For a regular brown egg...a sexlink will lay those well.


----------



## BarrelRacer (Jul 22, 2013)

Ok good I just want a chicken that lays good eggs that we can eat. We have bantams as pets and we sell them (start) what type of chicken would you suggest for the laying for what I want


----------



## milkmaid (Sep 15, 2010)

You mean the hens are dark brown or the eggs are dark brown?
If you're talking about dark reddish brown hens, that's likely Rhode Island Reds. RIRs lay very well, like 6 eggs a week in their prime. I love RIRs, in fact, they would be my breed of choice if they went broody more often. As it is I prefer Buff Orpingtons because they are better mothers. Buffs lay somewhat smaller and fewer eggs.
If you want REALLY good layers, get White Leghorns. They lay like 6.5 eggs a week on average. Very occasionally, they even lay 2 eggs in one day! My WLs are several years old, and they still lay almost every day. I've also heard Red Stars are really good, but have never had any.


----------



## kccjer (Jan 27, 2012)

The red sex link are a great dual purpose bird that lay really well. They also have the advantage that hens are red and roos are white...easy to tell who to eat


----------



## BarrelRacer (Jul 22, 2013)

Thanks so you would recommend white leghorns or the dark brown chickens for me because I want them to lay eggs that we can eat. And I want one that lays a lot of eggs per week


----------



## milkmaid (Sep 15, 2010)

Either White Leghorn or Rhode Island Red would be an excellent choice. It depends on what you prefer.
White leghorns lay prolifically, large-to-jumbo white eggs, and are rather flighty. They have the best feed-to-egg ratio, meaning you get the most bang for your buck.
Rhode Island Reds also lay prolifically but not quite _quite_ as well as the WL, medium to large brown eggs, and are much calmer. They are also heavier, so they make a decent meat bird too.


----------



## NyGoatMom (Jan 26, 2013)

If I got any more sexlinks I would get the black ones...just because they are prettier...they look like this...Her name was Ebony. They lay just as well as the red sexlinks. They are a Rhode Island Red rooster over a Barred Plymouth Rock hen. I believe McMurray sells them as "Black Stars"


----------



## BarrelRacer (Jul 22, 2013)

She looks healthy


----------



## goatfarmer123 (Dec 24, 2013)

NyGoatMom said:


> If I got any more sexlinks I would get the black ones...just because they are prettier...they look like this...Her name was Ebony. They lay just as well as the red sexlinks. They are a Rhode Island Red rooster over a Barred Plymouth Rock hen. I believe McMurray sells them as "Black Stars"
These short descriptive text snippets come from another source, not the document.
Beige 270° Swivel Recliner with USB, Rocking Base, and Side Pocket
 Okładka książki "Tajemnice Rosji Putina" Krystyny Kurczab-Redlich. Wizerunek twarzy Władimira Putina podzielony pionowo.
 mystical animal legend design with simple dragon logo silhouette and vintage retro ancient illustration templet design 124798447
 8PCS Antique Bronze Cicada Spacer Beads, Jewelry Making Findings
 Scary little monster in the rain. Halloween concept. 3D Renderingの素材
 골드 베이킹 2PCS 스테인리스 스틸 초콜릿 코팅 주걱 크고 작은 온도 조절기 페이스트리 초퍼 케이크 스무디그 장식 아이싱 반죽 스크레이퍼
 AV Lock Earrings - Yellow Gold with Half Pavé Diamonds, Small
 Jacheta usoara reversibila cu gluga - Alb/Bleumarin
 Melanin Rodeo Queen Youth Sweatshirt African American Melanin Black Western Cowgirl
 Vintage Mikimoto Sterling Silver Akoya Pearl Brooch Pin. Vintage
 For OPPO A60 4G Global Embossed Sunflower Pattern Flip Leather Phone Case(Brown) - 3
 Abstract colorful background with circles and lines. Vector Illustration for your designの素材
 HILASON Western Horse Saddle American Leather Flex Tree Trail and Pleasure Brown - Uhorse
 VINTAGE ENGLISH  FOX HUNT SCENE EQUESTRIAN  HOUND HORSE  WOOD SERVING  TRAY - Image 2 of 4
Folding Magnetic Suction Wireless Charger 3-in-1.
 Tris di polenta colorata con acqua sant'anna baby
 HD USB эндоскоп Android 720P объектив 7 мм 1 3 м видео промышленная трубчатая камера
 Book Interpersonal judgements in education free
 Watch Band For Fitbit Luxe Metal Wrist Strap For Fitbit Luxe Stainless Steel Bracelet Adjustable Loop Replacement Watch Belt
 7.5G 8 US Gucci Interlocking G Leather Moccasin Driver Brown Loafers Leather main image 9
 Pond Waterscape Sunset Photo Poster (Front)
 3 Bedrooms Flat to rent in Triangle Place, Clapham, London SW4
I've got some of those as well! They are excellent layers. I bought mine at TSC just under the name "pullets".


----------



## Twink90 (Dec 21, 2013)

Black sex links are great layers almost year round. The only time our girls quit laying is when they molt or extreme cold weather they slow down. Only thing I don't like is we can't get them to raise chicks. None ever stay on nest. They are beautiful & lay big red eggs. Ours are 3 yrs old now & still laying great


----------



## BarrelRacer (Jul 22, 2013)




----------



## dsturgiss (Feb 10, 2014)

I just got 4 black sex links, and my husband says they lay small eggs. But from what I read they lay large eggs. Whose right? He wanted my to get barred rocks but they were out so I got the black sex links.


Sent from my iPhone using Goat Forum


----------



## NyGoatMom (Jan 26, 2013)

They lay decent sized eggs. Pullets lay small eggs until they molt for the first time. Each year the eggs get bigger but the shell becomes a little thinner due to the size of the egg. I have one hen who lays a duck sized egg and she is a small breed but she is 4 years old....I love my BSL hens


----------



## ksalvagno (Oct 6, 2009)

I had black sex links and they a laid large eggs for me.


----------



## dsturgiss (Feb 10, 2014)

Thanks guys. I think I'll keep them then. 


Sent from my iPhone using Goat Forum


----------